W pierwszych kilku latach Prawo Fundamentalne zostało uzupełnione przez ponad 800 nowych ustaw, zmieniających cały system prawny ustabilizowany po transformacji ustrojowej 1989 r. Nowy porządek prawny szybko usunął wszelkie zabezpieczenia kontroli władzy wykonawczej, które udało się stworzyć w pierwszej demokratycznej Konstytucji z 1989–1990 r.8. Uprzednio sądownictwo oraz Trybunał Konstytucyjny były instytucjami stanowiącymi główne zabezpieczenia wobec siły większości parlamentarnej.
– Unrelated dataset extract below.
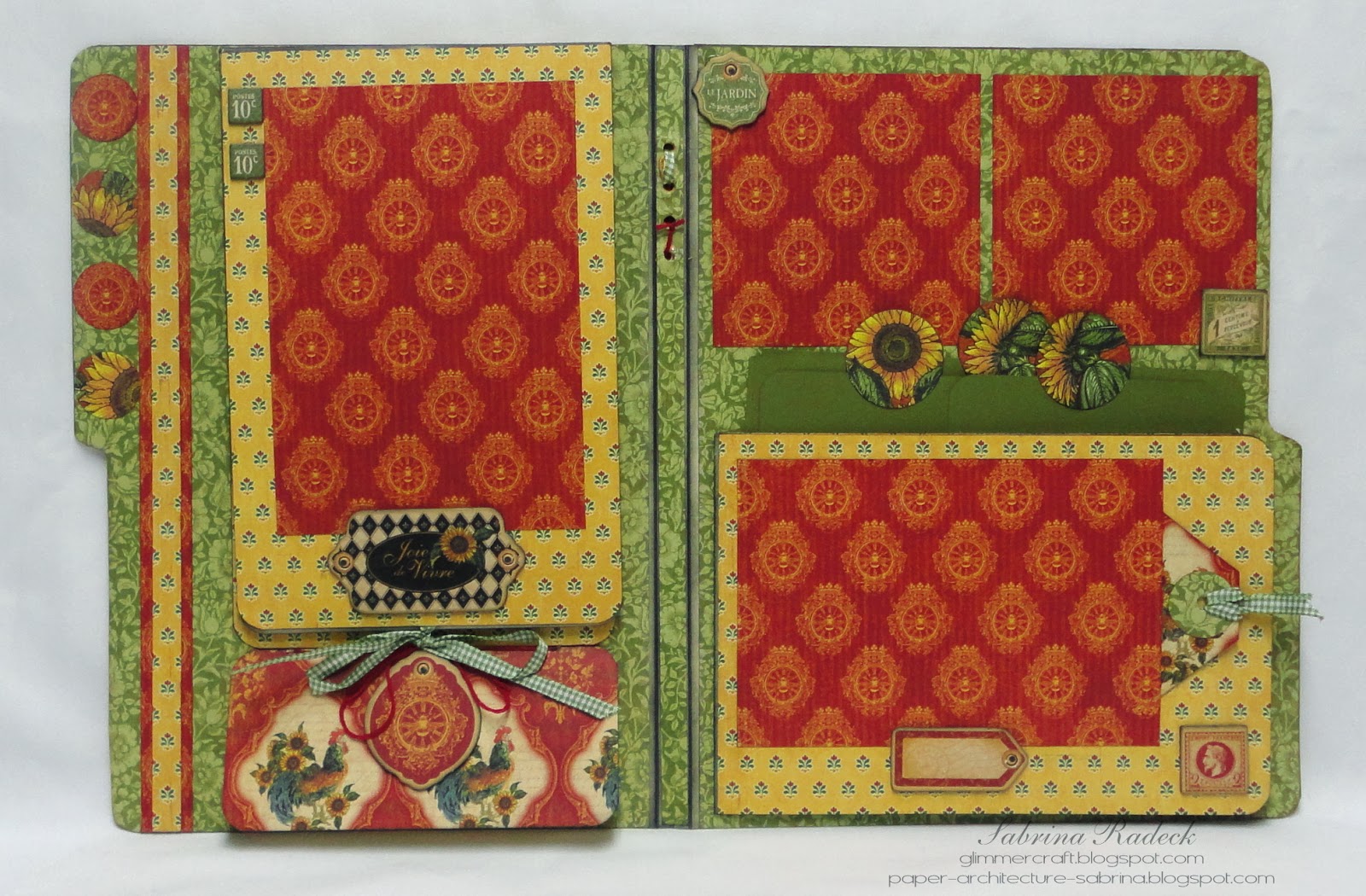 Aspiring to Creativity File Folder Scrapping II Instructions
Jednak już w 2011 r. europejskie instytucje zwracały uwagę na fakt, że niezależność tak Trybunału Konstytucyjnego, jak i sądownictwa nie zostały wprost zagwarantowane w Prawie Fundamentalnym9. Parlament Europejski wyraził zaniepokojenie „osłabieniem systemu ograniczeń i równowagi (cheks and balances)”10. Podobne obawy były podnoszone przez GRECO (Grupę Państw przeciwko Korupcji, 2015). Parlament węgierski jednak nie odpowiedział. Krytycy utwierdzili się w słuszności swoich obaw.
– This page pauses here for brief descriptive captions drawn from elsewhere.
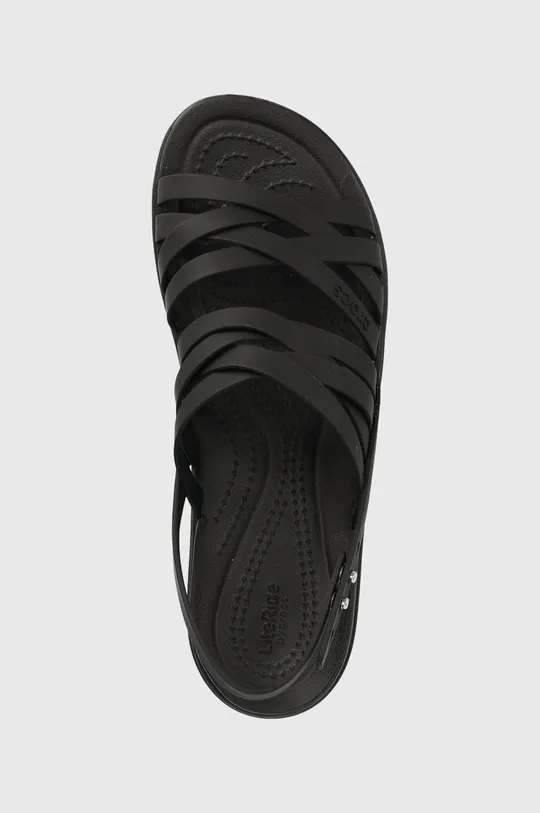 čierna Sandále Crocs Brooklyn Strappy Low Wedge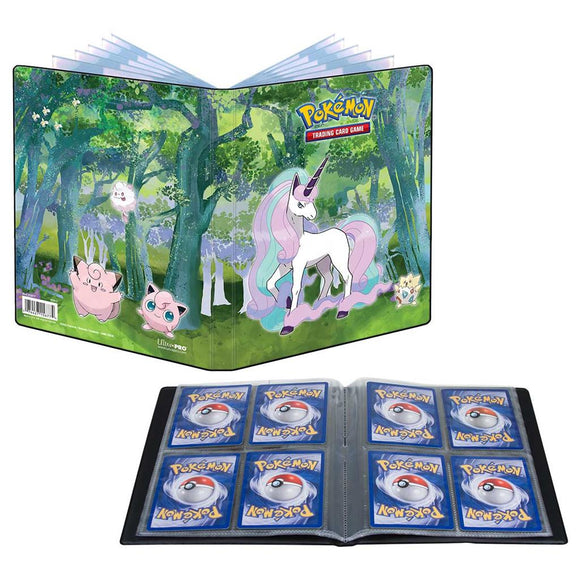 Pokemon 80 Karten Album Enchanted Glade TCG Ordner Galar Galoppa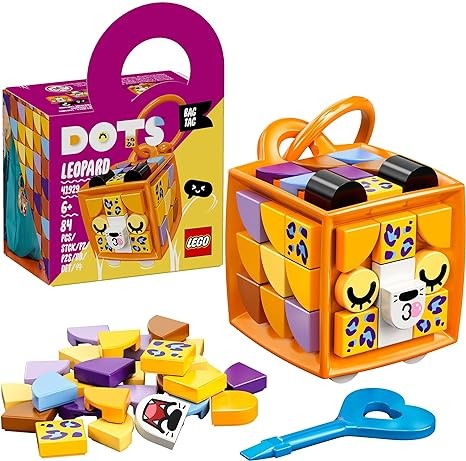 ليجو دوتس لعبة بناء حقيبة ليوبارد مكعبات التركيب LEGO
W węgierskim jednoizbowym systemie parlamentarnym po 1990 r. Trybunał Konstytucyjny był najistotniejszym zabezpieczeniem w strukturze konstytucyjnej. Jednak niezwłocznie po wyborach w 2010 r. rząd Fideszu zaatakował niezależność i kompetencje TK we wczesnej nowelizacji konstytucyjnej z 5.7.2010 r. zmieniającej procedurę wyboru sędziów TK oraz wyboru Prezesa. Odtąd Prezes Trybunału był wybierany większością 2/3 głosów Parlamentu, zaś sędziowie TK byli nominowani przez komitet parlamentarny pod przewodnictwem partii rządzącej i wybierani przez Parlament większością 2/3 głosów. Z tego powodu tylko głosy partii rządzącej były konieczne dla dokonania wyboru nowych sędziów11. Następnie, przez kolejną nowelizację konstytucyjną (Act LXI/2011), większość parlamentarna, mając na uwadze zmiany jurysdykcyjne, których dokonała pod rządami nowej Konstytucji, zwiększyła ilość sędziów Trybunału z 11 do 15, tak aby rząd mógł dokonać wyboru większej ilości sędziów Trybunału bez konieczności uzyskania poparcia jakiejkolwiek innej partii parlamentarnej. Do wiosny 2013 r. Trybunał Konstytucyjny został faktycznie zneutralizowany jako zabezpieczenie przed rządem, ponieważ koalicja rządząca mianowała większość sędziów, którzy w zamian odmawiali unieważniania ustaw uchwalanych przez parlament z inicjatywy rządu.